Denisov frowned at the silence. But if Devereaux would not talk, the silence would last forever. Denisov frowned again, like a misunderstood child. “I had to finish Alexei.”
“Don’t you ever call it by what it is?” Devereaux said.
“No. It’s only business. Killing is not business, it is some mad act. When you finish something, you are only taking care of business. Alexei must not know about me, not enough to tell anyone again.” Denisov frowned a third time, then erased the thought from memory. “But I learned about Gorki. Why does he know so much about you? Why can he follow your movements so easily? I tell you, we don’t have that capability. Not in the U.S.A.”
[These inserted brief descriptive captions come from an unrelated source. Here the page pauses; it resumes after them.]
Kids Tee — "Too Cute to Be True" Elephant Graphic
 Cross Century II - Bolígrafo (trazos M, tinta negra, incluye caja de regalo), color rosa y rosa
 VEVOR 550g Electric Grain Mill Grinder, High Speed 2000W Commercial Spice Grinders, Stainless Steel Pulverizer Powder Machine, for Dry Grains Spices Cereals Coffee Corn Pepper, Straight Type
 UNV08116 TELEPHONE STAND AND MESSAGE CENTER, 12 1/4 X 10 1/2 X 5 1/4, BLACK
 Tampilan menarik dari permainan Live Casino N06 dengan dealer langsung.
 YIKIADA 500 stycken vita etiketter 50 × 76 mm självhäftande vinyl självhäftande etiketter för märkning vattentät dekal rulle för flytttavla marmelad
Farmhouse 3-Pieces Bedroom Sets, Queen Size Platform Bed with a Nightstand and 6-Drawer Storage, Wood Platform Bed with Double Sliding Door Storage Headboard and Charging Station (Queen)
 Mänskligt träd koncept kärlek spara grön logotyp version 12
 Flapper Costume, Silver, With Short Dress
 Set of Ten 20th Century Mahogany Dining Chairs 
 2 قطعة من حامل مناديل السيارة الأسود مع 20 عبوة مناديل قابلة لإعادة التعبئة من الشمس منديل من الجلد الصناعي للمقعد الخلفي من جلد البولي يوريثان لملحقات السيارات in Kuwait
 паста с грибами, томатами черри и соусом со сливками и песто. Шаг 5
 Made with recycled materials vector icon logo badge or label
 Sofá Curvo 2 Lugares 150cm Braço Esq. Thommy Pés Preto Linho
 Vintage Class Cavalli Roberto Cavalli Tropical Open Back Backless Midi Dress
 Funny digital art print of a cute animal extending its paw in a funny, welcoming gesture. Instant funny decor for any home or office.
“No,” Devereaux said. “I wish we had another bottle.”
“So do I. But the night is not so long from here now, is it?”
Devereaux was struck by that. Denisov had become entangled again in intricate English construction but it was appropriate.
The night is not so long from here now.
Whatever was going to happen, whatever had been set up, would happen quickly.
“You don’t have the capability and neither would we.
No one predicts everything so easily except in spy novels. All the satellites and agents in the world only give us a clue, not the whole story. But someone has the whole story. About me. About Alexa.”
“Who is it?”
“The man who tapped the phones. The man who listened to Hanley’s conversation with me and decided I was dangerous.”
Denisov did not speak. His hands were flat on the creases of his trousers. When he breathed again, his breath came in a whiney rush. “You have a mole in Section.”
“More than that,” Devereaux said.
“What is more?”
“Hanley knew. Somehow, Hanley had it figured out. Not all of it but parts of it. There is something called Nutcracker and it worried Hanley. Maybe it sent him off the deep end. I don’t know.”
“But Hanley. You know what you will do?”
“Yes. Part of it. No one knows everything.”
“Except God,” Denisov said. It was the voice of icons and incense; even a rational man, even a man such as Denisov, had these moments of automatic piety, gained from childhood.
“Except God,” Devereaux said. “So let us pray tomorrow for guidance.”
And Denisov was shocked to see that the other man was smiling.